Soil Texture & Structure: Test Will Show Structure of Garden Soil

In general, trees, shrubs, vines and perennials, etc. are very adaptable. They grow well in most soils if they’re given proper care. However, you’ll be far ahead of the game if you know what type of soil you have. You will simply be reassured that your type of soil falls into a large middle range that provides a healthy environment for your plants.

If your soil happens to fall into an extreme at either end of that range, you’ll be able to select plants that are particularly adaptable to that type of soil or try to determine what can be done to improve your soil. Every soil has depth, fertility, texture (relative proportions of sand, silt, and clay), and structure (the amount of air space between these particles to provide good drainage and water retention and the way these particles are put together). In addition, it has an acceptable acid/alkaline balance conducive to the healthy growth of most plants.

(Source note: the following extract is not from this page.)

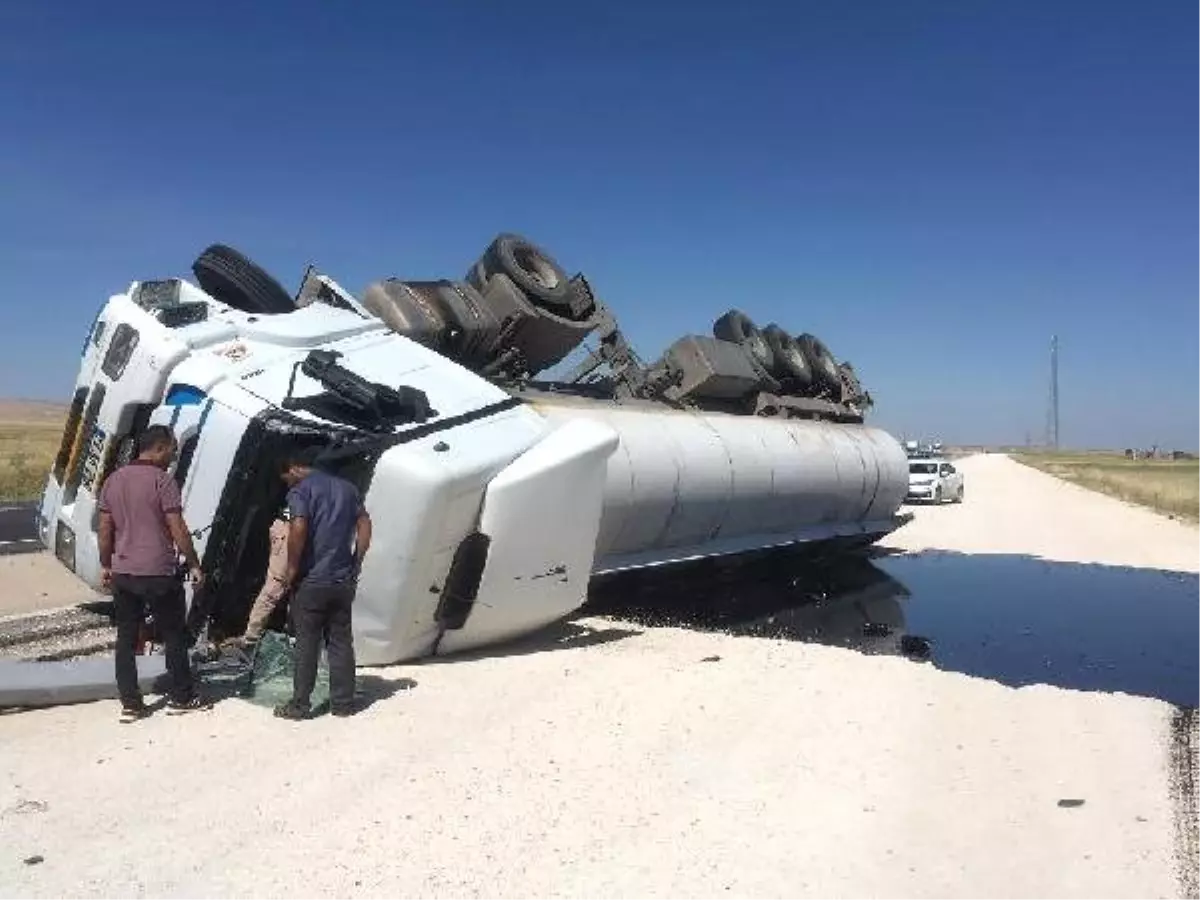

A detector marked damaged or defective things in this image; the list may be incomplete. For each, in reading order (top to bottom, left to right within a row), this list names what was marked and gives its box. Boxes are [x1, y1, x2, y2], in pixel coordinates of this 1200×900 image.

How to test your garden soil

The most accurate way to find out what kind of soil you have, is to take samples to a soil laboratory.

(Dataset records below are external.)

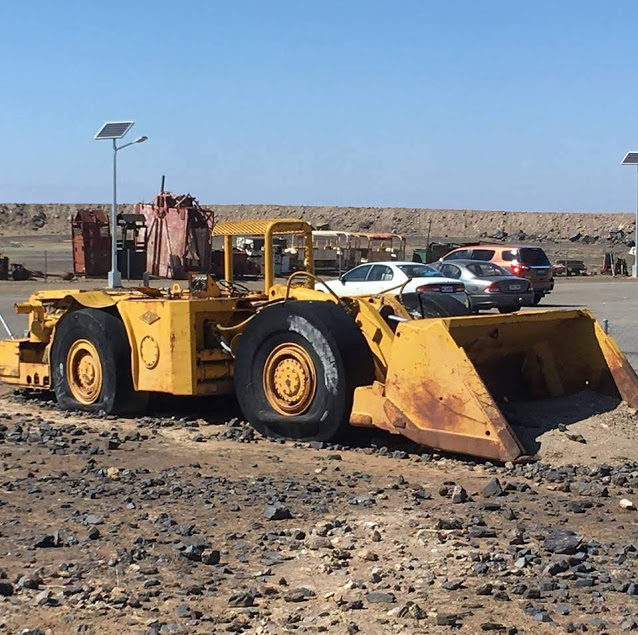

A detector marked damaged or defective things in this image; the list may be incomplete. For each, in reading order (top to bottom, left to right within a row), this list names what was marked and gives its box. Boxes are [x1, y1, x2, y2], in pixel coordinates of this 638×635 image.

rusty red steel structure [71, 210, 111, 278]
rusted metal surface [72, 210, 110, 278]
rusty red steel structure [136, 189, 216, 278]
rusted metal surface [138, 190, 215, 278]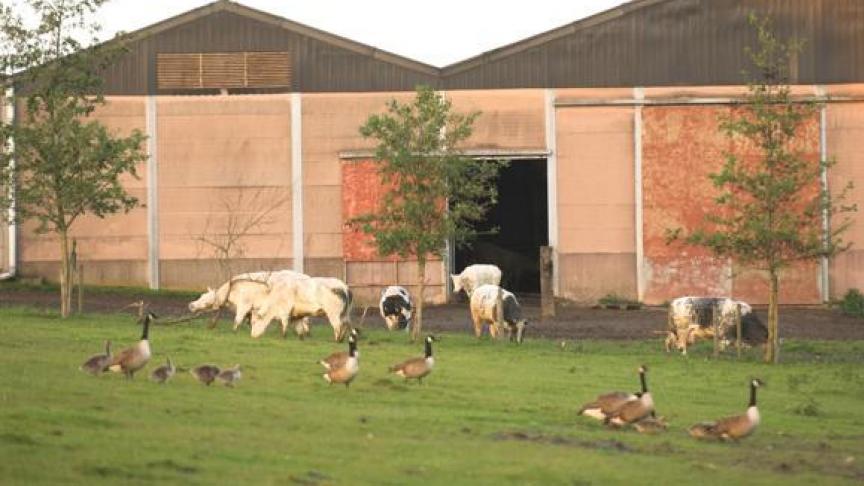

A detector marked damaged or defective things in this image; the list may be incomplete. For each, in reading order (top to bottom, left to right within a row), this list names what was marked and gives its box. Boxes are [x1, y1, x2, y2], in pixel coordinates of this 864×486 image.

rust stained wall [17, 96, 149, 282]
rust stained wall [159, 93, 296, 286]
rust stained wall [448, 89, 544, 149]
rust stained wall [552, 104, 636, 302]
rust stained wall [644, 106, 820, 304]
rust stained wall [824, 101, 864, 296]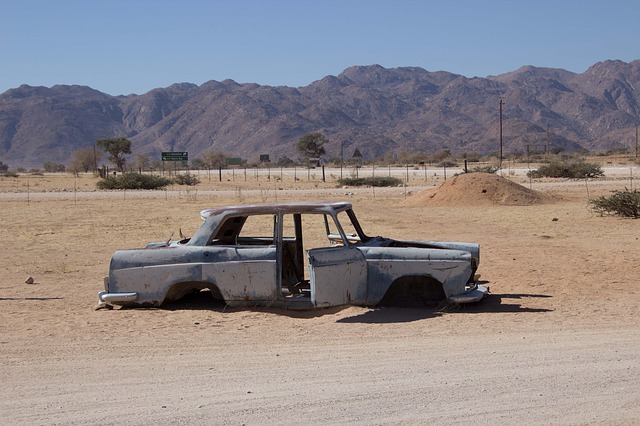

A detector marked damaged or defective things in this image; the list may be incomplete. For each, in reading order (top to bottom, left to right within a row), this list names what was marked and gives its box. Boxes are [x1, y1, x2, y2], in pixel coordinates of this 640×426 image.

abandoned rusty car [97, 203, 488, 310]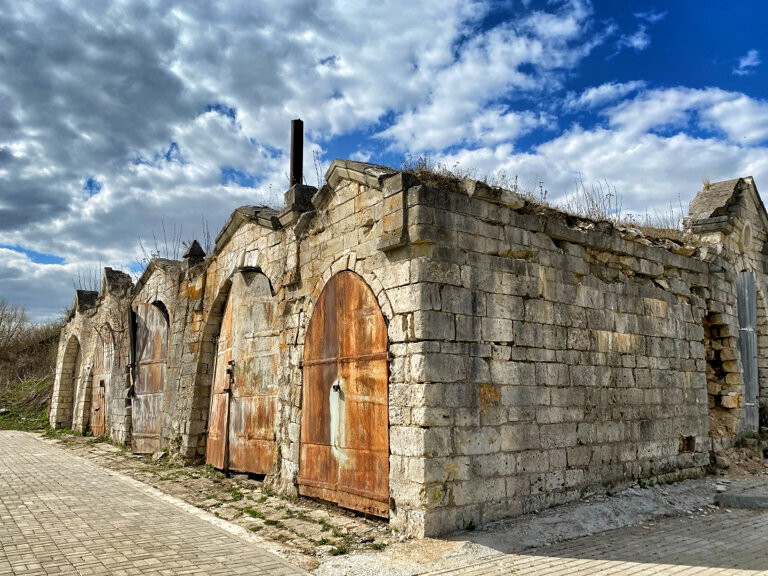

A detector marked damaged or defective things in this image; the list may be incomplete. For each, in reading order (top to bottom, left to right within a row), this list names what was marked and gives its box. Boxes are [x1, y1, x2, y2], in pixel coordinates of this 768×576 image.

rusty metal door [89, 330, 111, 434]
rusty metal door [131, 304, 167, 452]
rusted door panel [131, 304, 167, 452]
rusty metal door [207, 272, 280, 474]
rusted door panel [207, 272, 280, 474]
rusty metal door [296, 270, 388, 516]
rusted door panel [296, 270, 388, 516]
orange rust stain [476, 384, 500, 408]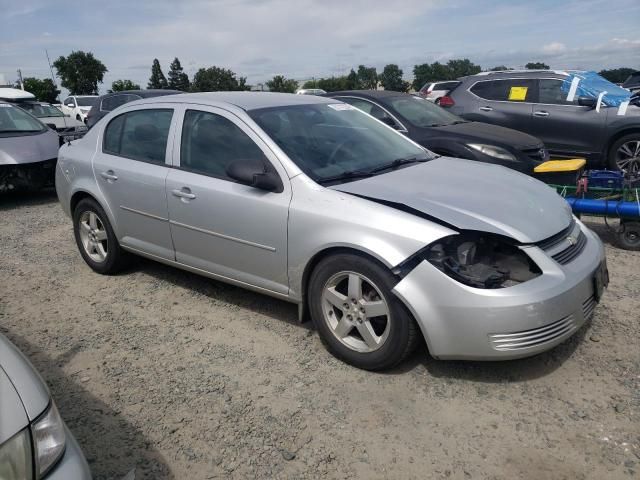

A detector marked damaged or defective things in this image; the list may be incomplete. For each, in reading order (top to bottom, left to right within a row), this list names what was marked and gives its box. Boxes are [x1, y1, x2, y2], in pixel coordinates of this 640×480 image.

damaged front bumper [0, 159, 57, 193]
exposed headlight assembly [468, 143, 516, 162]
broken headlight [424, 232, 540, 288]
exposed headlight assembly [424, 232, 540, 288]
damaged front bumper [392, 223, 608, 358]
exposed headlight assembly [0, 430, 32, 480]
exposed headlight assembly [32, 402, 66, 476]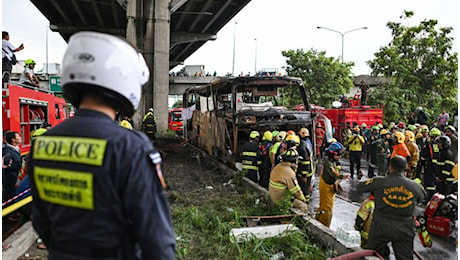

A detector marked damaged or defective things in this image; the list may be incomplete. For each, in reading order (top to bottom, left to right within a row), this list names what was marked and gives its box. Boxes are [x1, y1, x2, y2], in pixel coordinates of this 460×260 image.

You can also do a simple test yourself to get an idea of your soil’s structure. Fill a quart jar about two-thirds full of water. Add soil until the jar is almost full. Add one tablespoon of Calgon to help the particles settle (this is optional). Screw the lid on, shake vigorously, set it down and watch the particles settle.

In a short time the heaviest particles (sand) will sink to the bottom, making the sand layer visible. The next layers will take a little longer to settle because they are so small in comparison to sand particles, so get back out in the garden and finish what needs to be done.

At the end of the day you can check the jar. Keep in mind that if the water is still muddy looking, the silt and clay particles haven’t all settled to the bottom, so wait until the next day to see what layers have formed. The next layer after the sand will be silt particles. The layer after that will be clay. After all the soil particles have settled and the water is pretty clear, you will be able to tell what type of soil you have. There are so many different types of soil, but the most common ones are sandy soil – if there’s less than 5 percent clay, medium loam – 10 to 20 percent clay, clay soil – 25 to 30 percent clay, and heavy clay if there’s 35 to 50 percent clay.

Both sandy and clay soils can be dramatically improved with the addition of organic matter.

This means that if you cultivate to a depth of 8 inches, add 3 to 4 inches of organic matter over the top of the soil before you mix it in.

Remember, you can’t change your soil overnight. It takes years. So the sooner you start adding organic matter, the sooner you will improve your soil.